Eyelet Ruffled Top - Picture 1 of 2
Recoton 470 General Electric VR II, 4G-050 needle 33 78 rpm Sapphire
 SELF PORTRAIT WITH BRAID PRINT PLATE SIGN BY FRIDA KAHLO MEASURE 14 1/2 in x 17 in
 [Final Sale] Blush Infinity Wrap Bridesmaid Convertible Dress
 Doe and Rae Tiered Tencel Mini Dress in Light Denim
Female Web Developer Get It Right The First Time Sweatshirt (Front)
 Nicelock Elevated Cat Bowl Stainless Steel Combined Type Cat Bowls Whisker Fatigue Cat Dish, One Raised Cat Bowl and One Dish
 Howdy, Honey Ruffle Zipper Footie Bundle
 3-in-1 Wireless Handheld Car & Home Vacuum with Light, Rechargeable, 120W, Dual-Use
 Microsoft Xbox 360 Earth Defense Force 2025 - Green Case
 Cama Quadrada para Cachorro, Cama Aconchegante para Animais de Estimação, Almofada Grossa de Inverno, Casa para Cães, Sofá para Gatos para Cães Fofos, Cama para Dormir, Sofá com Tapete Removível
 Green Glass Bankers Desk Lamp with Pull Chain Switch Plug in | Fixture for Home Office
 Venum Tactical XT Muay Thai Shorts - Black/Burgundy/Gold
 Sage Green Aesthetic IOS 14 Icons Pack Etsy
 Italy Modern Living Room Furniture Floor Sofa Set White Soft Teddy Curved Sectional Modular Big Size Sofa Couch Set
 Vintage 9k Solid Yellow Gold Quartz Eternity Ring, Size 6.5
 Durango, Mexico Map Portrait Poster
____
__WORK REQUEST__
Everything above from the line containing "3-in-1 Wireless Handheld" through the line containing "Venum Tactical XT" must be copied exactly. Nothing outside that range belongs in the answer.

__SOLUTION TO THE EXERCISE__
 3-in-1 Wireless Handheld Car & Home Vacuum with Light, Rechargeable, 120W, Dual-Use
 Microsoft Xbox 360 Earth Defense Force 2025 - Green Case
 Cama Quadrada para Cachorro, Cama Aconchegante para Animais de Estimação, Almofada Grossa de Inverno, Casa para Cães, Sofá para Gatos para Cães Fofos, Cama para Dormir, Sofá com Tapete Removível
 Green Glass Bankers Desk Lamp with Pull Chain Switch Plug in | Fixture for Home Office
 Venum Tactical XT Muay Thai Shorts - Black/Burgundy/Gold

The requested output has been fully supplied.